能登半島地震のあと、防災では「避難所を開ける」だけでは足りず、受援拠点、衛生、広域搬送、滞在環境まで含めて備える必要性が繰り返し確認された。今回の栃木の動きは、その教訓をかなり生活寄りの形でローカル実装しようとしている。

ネットでの受け止めはどこに向かいやすいか

ここからは報道の出方を踏まえた見方だが、今回の話題は「協定文」そのものより、道の駅が本当に防災拠点として使えるのかに関心が集まりやすい。
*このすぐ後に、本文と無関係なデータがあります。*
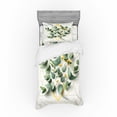 thumbnail image 1 of Ambesonne Eucalyptus Leaves Bedding Set 3 Pcs, Branches Polygons, TwinXL, Peacock Green Mustard, 1 of 2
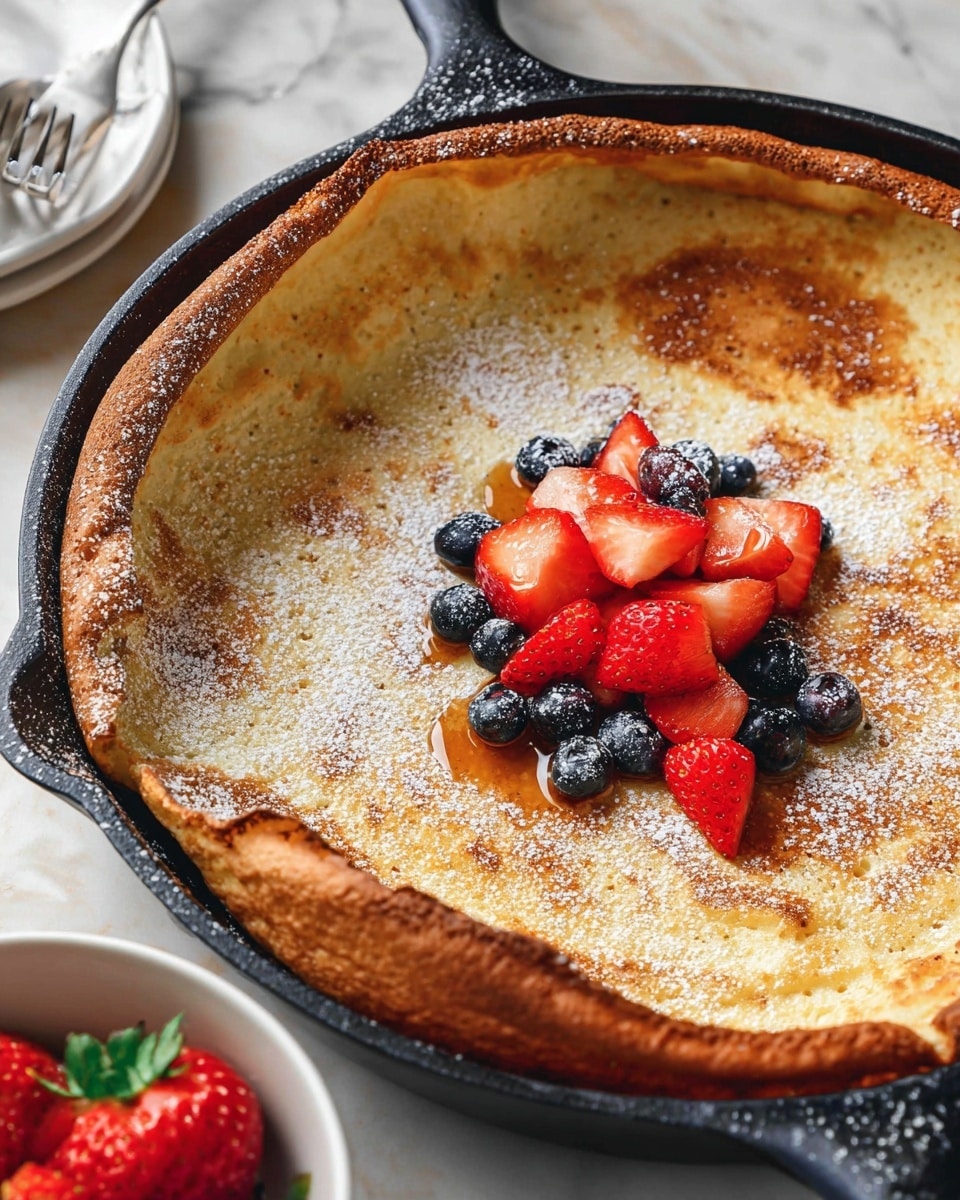 A large, golden-brown Dutch baby pancake with slightly puffed edges sits in a black cast iron pan. On top, there is a small pile of sliced red strawberries and whole dark blueberries near the center-left, with a light drizzle of syrup around the fruit. A small dusting of powdered sugar is sprinkled across the pancake, giving it a soft white texture in places. The pan rests on a white marbled surface with part of a white bowl containing whole strawberries visible in the bottom left corner. Photo taken with an iphone --ar 4:5 --v 7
特にネット上では、この種の話題になると、次の2点への反応が出やすい。

  • 普段から場所が分かる施設を拠点化するのは実用的だという受け止め
  • 実際にどこまで電源、トイレ、宿泊、備蓄が揃うのかを見える化してほしいという注文

今回も注目点は同じだろう。協定があるだけでは安心には直結しないが、下野市のコンテナ型トイレのように、設備が先に見えてくると話は変わる。住民目線では「計画」より「現物」の方が理解しやすく、自治体への信頼にもつながりやすい。

これから見るべきポイント

今後の論点は3つある。


  1. 道の駅ごとの役割分担が明確になるか

    物資集積、一次滞在、情報提供、衛生設備など、拠点ごとの機能が整理されるほど実効性は上がる。



  2. 可搬設備がどこまで増えるか

    コンテナ型トイレだけでなく、宿泊、電源、通信、ペット同伴対応まで広がるかが次の焦点になる。



  3. 住民への周知が進むか

    道の駅が防災拠点になるといっても、住民が知らなければ機能しない。ハザードマップや訓練、案内表示と一体で進むかが大事だ。


このニュースは、派手さではなく実務のニュースだ。だが、災害時の暮らしを本当に左右するのは、こうしたローカルな積み重ねでもある。栃木の11町連携は、自治体防災を「避難所運営」から「生活基盤の広域運営」へ一段進める、小さいが見逃しにくい動きだ。